# [PROBLEM REQUIREMENTS]
Every line below from the one containing "ranch-style house with a front yard" through the one containing "Máscara facial sendo aplicada" must be transcribed exactly. Omit all lines outside that stretch.
■ ■ ■ ■
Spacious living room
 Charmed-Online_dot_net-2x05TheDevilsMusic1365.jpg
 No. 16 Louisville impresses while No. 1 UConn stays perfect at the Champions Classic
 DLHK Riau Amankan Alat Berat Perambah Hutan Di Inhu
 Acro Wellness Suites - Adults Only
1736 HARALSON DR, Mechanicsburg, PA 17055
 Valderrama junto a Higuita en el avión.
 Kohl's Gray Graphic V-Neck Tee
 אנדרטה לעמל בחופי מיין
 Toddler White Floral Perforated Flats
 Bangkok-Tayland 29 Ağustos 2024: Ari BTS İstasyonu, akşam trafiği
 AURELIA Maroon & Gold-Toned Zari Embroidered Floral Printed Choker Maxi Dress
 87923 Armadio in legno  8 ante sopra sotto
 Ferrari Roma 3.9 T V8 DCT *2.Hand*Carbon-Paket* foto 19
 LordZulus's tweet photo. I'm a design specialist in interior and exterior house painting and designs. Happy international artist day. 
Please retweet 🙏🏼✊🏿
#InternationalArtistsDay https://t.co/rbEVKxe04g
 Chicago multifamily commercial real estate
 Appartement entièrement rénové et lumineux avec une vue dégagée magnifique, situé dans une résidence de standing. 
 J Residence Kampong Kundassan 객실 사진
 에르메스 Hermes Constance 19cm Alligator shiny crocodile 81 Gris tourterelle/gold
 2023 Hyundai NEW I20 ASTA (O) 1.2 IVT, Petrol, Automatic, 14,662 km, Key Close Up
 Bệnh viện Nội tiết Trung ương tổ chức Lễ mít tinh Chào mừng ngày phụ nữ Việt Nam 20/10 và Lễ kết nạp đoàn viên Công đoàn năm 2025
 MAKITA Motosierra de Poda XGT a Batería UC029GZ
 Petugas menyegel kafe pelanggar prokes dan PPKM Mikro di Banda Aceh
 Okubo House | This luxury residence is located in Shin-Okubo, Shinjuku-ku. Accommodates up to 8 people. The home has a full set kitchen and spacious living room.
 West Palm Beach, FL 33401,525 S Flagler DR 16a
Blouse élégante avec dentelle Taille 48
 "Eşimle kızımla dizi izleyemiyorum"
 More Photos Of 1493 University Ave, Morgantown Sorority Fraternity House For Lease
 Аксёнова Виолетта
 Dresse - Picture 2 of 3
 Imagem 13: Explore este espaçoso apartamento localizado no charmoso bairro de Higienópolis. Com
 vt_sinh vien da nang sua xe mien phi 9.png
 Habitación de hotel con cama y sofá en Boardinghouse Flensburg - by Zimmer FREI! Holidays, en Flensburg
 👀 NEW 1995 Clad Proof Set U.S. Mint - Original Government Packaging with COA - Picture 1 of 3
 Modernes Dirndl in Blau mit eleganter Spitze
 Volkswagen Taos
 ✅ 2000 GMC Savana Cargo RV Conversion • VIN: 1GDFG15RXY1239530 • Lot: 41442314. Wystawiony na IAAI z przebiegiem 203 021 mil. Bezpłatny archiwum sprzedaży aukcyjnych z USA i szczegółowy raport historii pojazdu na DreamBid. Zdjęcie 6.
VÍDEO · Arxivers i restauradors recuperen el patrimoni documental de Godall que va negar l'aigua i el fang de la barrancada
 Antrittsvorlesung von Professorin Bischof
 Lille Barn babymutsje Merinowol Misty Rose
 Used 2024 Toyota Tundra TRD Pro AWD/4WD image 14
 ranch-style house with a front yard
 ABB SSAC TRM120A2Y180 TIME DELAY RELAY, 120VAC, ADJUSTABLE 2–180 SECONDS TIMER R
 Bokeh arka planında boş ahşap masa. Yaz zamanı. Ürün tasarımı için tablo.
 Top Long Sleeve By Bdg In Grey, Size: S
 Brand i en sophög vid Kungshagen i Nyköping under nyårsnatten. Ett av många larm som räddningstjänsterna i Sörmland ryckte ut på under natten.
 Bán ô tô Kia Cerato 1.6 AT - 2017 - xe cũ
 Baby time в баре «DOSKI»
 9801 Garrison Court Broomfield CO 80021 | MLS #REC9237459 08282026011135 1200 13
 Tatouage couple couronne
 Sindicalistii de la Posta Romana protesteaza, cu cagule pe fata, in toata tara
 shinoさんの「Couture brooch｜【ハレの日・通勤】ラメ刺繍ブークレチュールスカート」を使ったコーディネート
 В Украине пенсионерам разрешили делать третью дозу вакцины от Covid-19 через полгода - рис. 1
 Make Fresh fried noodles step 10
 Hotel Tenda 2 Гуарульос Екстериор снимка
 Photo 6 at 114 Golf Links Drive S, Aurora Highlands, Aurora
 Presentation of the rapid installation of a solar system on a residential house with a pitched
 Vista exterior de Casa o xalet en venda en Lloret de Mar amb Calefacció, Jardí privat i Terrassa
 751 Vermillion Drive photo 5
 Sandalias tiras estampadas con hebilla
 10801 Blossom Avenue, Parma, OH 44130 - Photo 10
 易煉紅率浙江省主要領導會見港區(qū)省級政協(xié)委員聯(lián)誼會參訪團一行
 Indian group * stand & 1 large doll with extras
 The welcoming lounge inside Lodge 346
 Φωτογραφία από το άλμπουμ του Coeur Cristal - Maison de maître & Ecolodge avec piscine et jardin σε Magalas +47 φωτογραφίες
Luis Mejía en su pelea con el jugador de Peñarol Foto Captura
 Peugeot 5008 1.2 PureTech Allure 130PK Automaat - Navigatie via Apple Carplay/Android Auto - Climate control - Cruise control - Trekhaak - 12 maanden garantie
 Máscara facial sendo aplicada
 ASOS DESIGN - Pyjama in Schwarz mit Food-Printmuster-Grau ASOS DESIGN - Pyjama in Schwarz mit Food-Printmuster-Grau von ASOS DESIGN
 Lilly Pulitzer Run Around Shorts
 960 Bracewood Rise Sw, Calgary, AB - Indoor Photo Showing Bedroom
■ ■ ■ ■
# [SOLUTION BELOW]
 ranch-style house with a front yard
 ABB SSAC TRM120A2Y180 TIME DELAY RELAY, 120VAC, ADJUSTABLE 2–180 SECONDS TIMER R
 Bokeh arka planında boş ahşap masa. Yaz zamanı. Ürün tasarımı için tablo.
 Top Long Sleeve By Bdg In Grey, Size: S
 Brand i en sophög vid Kungshagen i Nyköping under nyårsnatten. Ett av många larm som räddningstjänsterna i Sörmland ryckte ut på under natten.
 Bán ô tô Kia Cerato 1.6 AT - 2017 - xe cũ
 Baby time в баре «DOSKI»
 9801 Garrison Court Broomfield CO 80021 | MLS #REC9237459 08282026011135 1200 13
 Tatouage couple couronne
 Sindicalistii de la Posta Romana protesteaza, cu cagule pe fata, in toata tara
 shinoさんの「Couture brooch｜【ハレの日・通勤】ラメ刺繍ブークレチュールスカート」を使ったコーディネート
 В Украине пенсионерам разрешили делать третью дозу вакцины от Covid-19 через полгода - рис. 1
 Make Fresh fried noodles step 10
 Hotel Tenda 2 Гуарульос Екстериор снимка
 Photo 6 at 114 Golf Links Drive S, Aurora Highlands, Aurora
 Presentation of the rapid installation of a solar system on a residential house with a pitched
 Vista exterior de Casa o xalet en venda en Lloret de Mar amb Calefacció, Jardí privat i Terrassa
 751 Vermillion Drive photo 5
 Sandalias tiras estampadas con hebilla
 10801 Blossom Avenue, Parma, OH 44130 - Photo 10
 易煉紅率浙江省主要領導會見港區(qū)省級政協(xié)委員聯(lián)誼會參訪團一行
 Indian group * stand & 1 large doll with extras
 The welcoming lounge inside Lodge 346
 Φωτογραφία από το άλμπουμ του Coeur Cristal - Maison de maître & Ecolodge avec piscine et jardin σε Magalas +47 φωτογραφίες
Luis Mejía en su pelea con el jugador de Peñarol Foto Captura
 Peugeot 5008 1.2 PureTech Allure 130PK Automaat - Navigatie via Apple Carplay/Android Auto - Climate control - Cruise control - Trekhaak - 12 maanden garantie
 Máscara facial sendo aplicada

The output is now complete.